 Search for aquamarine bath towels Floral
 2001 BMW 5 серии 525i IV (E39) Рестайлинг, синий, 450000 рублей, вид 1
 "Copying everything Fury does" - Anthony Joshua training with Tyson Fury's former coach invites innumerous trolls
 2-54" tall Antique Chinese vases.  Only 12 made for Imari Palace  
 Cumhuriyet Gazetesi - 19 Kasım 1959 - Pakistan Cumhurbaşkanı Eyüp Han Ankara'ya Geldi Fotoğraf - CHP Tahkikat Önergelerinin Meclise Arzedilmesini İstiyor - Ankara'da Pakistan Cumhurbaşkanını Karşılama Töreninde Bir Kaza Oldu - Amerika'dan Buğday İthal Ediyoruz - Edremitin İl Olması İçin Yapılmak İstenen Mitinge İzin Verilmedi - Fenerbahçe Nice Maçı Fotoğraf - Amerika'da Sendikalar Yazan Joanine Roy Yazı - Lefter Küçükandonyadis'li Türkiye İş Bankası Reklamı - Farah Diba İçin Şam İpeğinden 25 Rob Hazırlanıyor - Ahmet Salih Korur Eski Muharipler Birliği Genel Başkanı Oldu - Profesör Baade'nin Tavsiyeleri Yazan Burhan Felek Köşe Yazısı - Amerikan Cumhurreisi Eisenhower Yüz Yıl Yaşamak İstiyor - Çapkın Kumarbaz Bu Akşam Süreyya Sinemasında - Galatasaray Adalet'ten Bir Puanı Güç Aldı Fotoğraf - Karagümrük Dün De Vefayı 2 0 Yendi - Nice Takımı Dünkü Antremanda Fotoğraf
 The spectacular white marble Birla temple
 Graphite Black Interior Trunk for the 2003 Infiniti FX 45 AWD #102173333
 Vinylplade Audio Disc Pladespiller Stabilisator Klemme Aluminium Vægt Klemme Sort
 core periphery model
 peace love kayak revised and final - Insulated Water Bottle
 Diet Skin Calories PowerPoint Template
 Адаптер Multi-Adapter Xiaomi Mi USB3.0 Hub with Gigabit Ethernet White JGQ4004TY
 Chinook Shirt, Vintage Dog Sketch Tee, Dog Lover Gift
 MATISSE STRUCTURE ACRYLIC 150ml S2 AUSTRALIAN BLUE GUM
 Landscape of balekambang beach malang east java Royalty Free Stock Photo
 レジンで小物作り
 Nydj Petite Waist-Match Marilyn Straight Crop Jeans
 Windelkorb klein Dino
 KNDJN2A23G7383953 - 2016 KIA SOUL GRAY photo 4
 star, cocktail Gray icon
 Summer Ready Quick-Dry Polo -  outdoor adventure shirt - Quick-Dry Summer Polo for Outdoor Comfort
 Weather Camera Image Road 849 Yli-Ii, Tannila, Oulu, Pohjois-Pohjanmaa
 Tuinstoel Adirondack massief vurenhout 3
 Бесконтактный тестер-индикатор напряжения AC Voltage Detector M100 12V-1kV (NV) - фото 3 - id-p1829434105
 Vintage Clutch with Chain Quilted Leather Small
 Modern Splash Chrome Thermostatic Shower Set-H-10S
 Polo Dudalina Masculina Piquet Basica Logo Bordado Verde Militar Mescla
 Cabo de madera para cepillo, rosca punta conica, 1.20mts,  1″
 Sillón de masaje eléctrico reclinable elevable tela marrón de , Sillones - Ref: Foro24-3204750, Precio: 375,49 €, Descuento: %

Task to carry out:
Take the line that holds "Modern Splash Chrome" as the first line and the last line of the data as the final one. Retype everything between, both included, exactly.

Written answer:
 Modern Splash Chrome Thermostatic Shower Set-H-10S
 Polo Dudalina Masculina Piquet Basica Logo Bordado Verde Militar Mescla
 Cabo de madera para cepillo, rosca punta conica, 1.20mts,  1″
 Sillón de masaje eléctrico reclinable elevable tela marrón de , Sillones - Ref: Foro24-3204750, Precio: 375,49 €, Descuento: %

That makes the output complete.